The Russian Empire had inherited from Poland an extraordinary system in which the three main rural classes consisted of three different and fairly well defined religious/racial groups - Polish Catholic landlords, Ukrainian; Byelorussian, Bessarabian Orthodox peasants; Jewish middlemen. For all the vagaries of the constantly changing restrictions put on their activities, the Jews were, relative to the peasant serfs, an element of freedom, able to move more freely and freer to choose their own economic activity.  Thus Solzhenitsyn can say, talking about the very early days of their incorporation into the Empire:

'It should be pointed out that the Jews were thus given equal rights not only in contrast to Poland, but also earlier than in France or the German states. (Under Frederick the Great the Jews suffered great limitations.) Indeed Jews in Russia had from the beginning the freedom that Russian peasants were only granted 80 years later. Paradoxically, the Jews gained greater freedom than even the Russian merchants and tradesmen. The latter had to live exclusively in the cities, while in contrast the Jewish population could "live in colonisations in the country and distill liquor." "Although the Jews dwelt in clusters not only in the city but also in the villages, they were counted as part of the city contingent — inclusive of merchant and townsmen classes."' (2)

(2) Pp 43-4 of the French edition. Translation in the English version available on Kindle. Passages in inverted commas are quotations.
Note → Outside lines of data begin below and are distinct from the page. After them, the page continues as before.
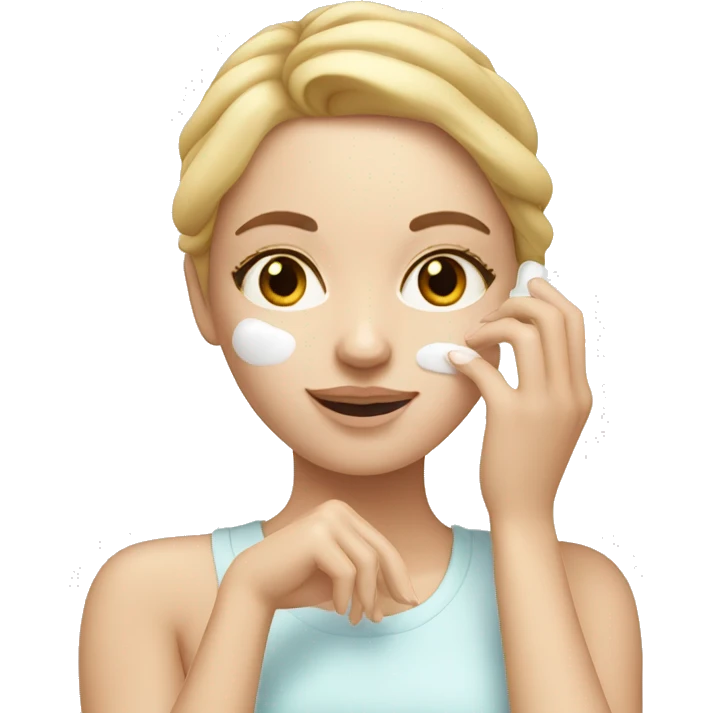 white girl applying cream on face emoji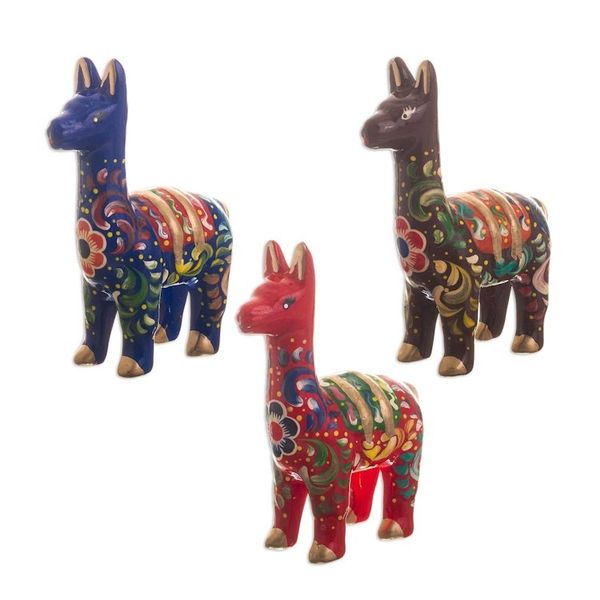 Alternate image for Hand Crafted Small Ceramic Llamas Set of 3 Colors of the Andes
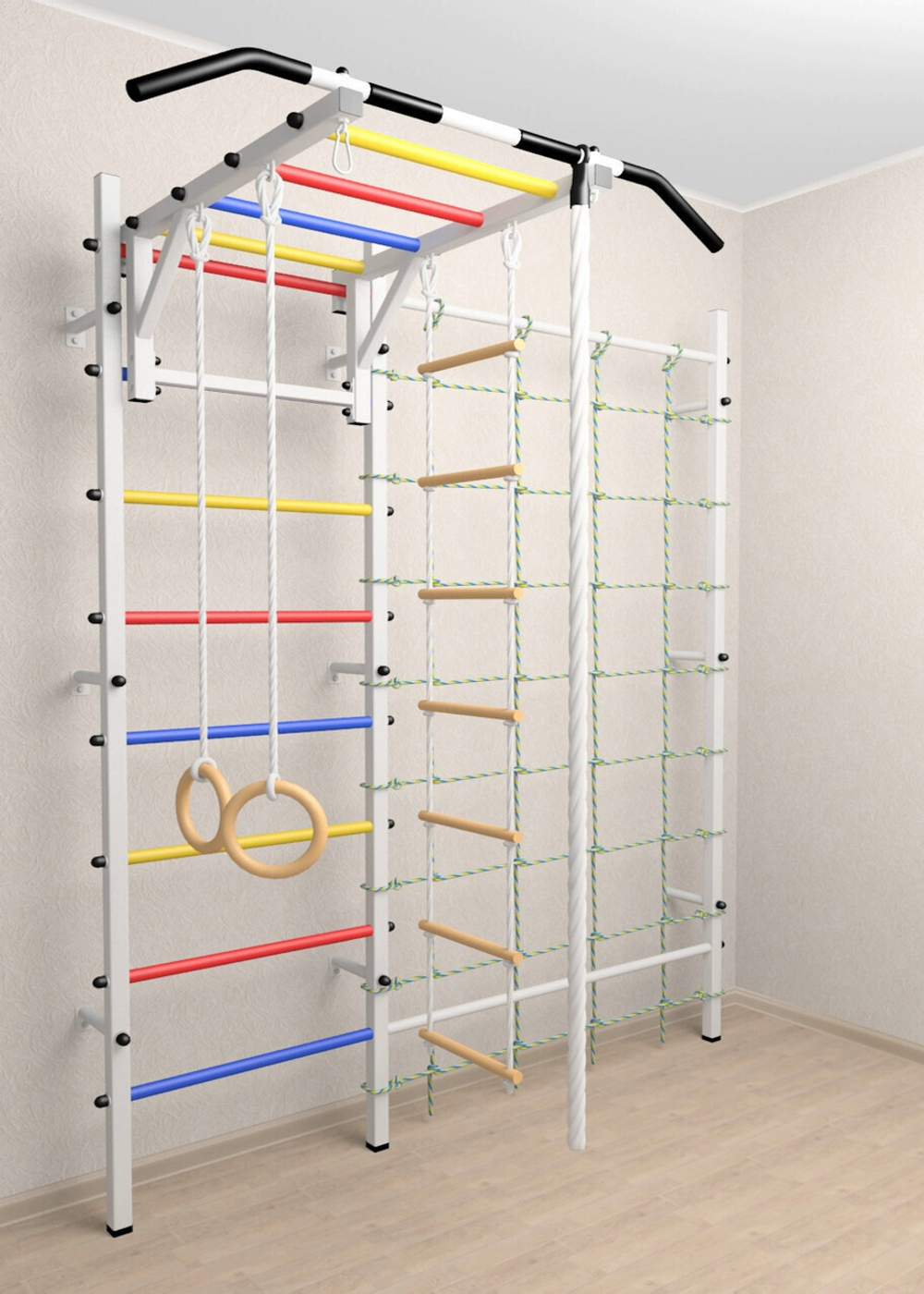 Шведская стенка Sv Sport усиленная 628 (Турник рукоход/Канат/Kольца/Лестница/Канатный лаз/Сетка)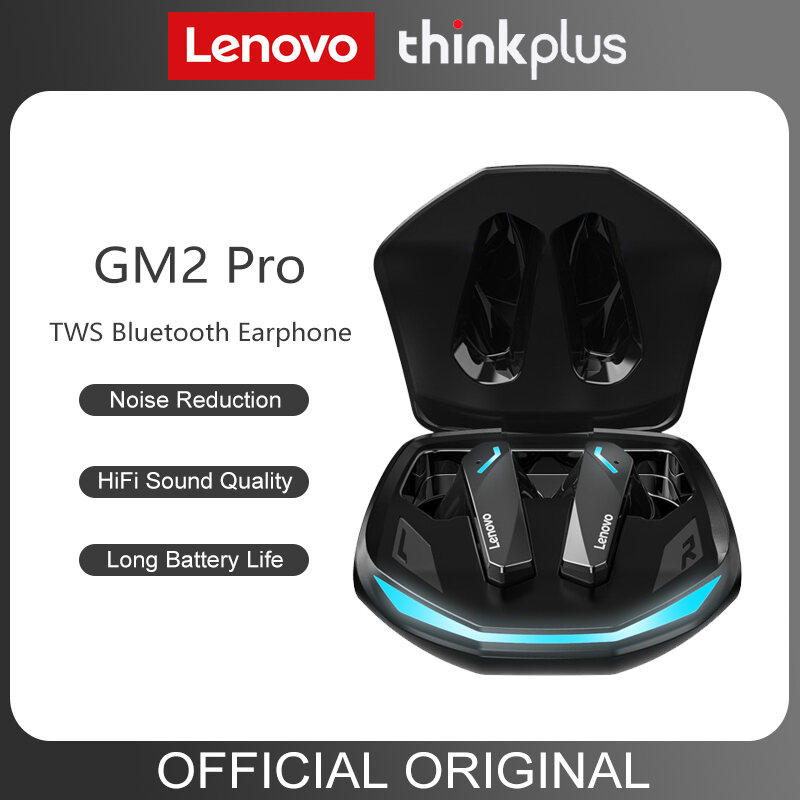 Original Lenovo GM2 Pro 5.3 Earphone Bluetooth Wireless Earbuds Low Latency Headphones HD Call Dual Mode Gaming Headset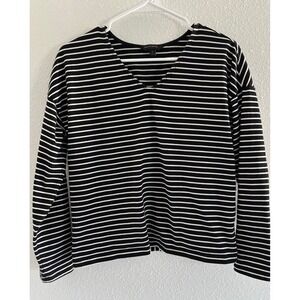 Banana Republic Shirt Womens Small Black White Striped Capsule Minimalist Luxury
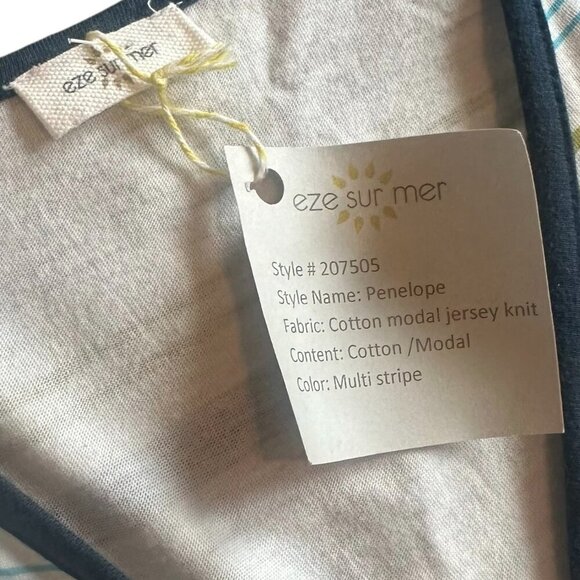 Eze Sur Mer Stripe Print Wrap Dress Spaghetti Strap Cotton Stretch Medium NWT - Picture 6 of 11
Solzhenitsyn gives his sources but I haven't bothered with them.

But for very large numbers of Jews, the peasantry was the main source of their possibility of making a living. They had to extract from a poor and downtrodden peasantry as much money as they possibly could. Under these circumstances one could be surprised that - leaving aside the seventeenth century Khelmnitsky rising which resulted in Ukraine East of the Dnieper being incorporated into the Russian Empire - pogroms did not occur earlier. When they did occur - the first of the series was in 1881 (3) - they caused great alarm as a first manifestation of mass political action. In all the previous discussions the peasantry in the Pale of Settlement had been regarded as helpless and inert victims. The pogroms could be (and were, both in government circles and among the radicals) regarded as a first spontaneous initiative of the newly emancipated peasantry.

(3) There were earlier pogroms in Odessa, in 1821, 1856 and 1871. Odessa was however something of a place apart as a territory taken from the Tatars with an essentially new population made up of many different nationalities. The 1821 and 1856 pogroms were products of tensions between Jews and Greeks. The 1871 pogrom started with a Jewish/Greek confrontation but, unlike the previous ones, the Greeks were joined by Russians. 6 people were killed, 21 wounded, 863 houses and 532 businesses damaged or destroyed. This, and the sympathy shown to the pogromists by government and intelligentsia, came as a profound shock to a Jewish community that thought itself more than usually well integrated. See Steve J. Zipperstein; 'Jewish enlightenment in Odessa: cultural characteristics, 1794-1871', Jewish Social Studies, Vol 44, No 1, Winter 1982, pp.19-36. Solzhenitsyn, it should be said, presents the 1871 pogrom as just another Greek/Jew confrontation and claims that there were no victims (pp.205-6 of the French edition).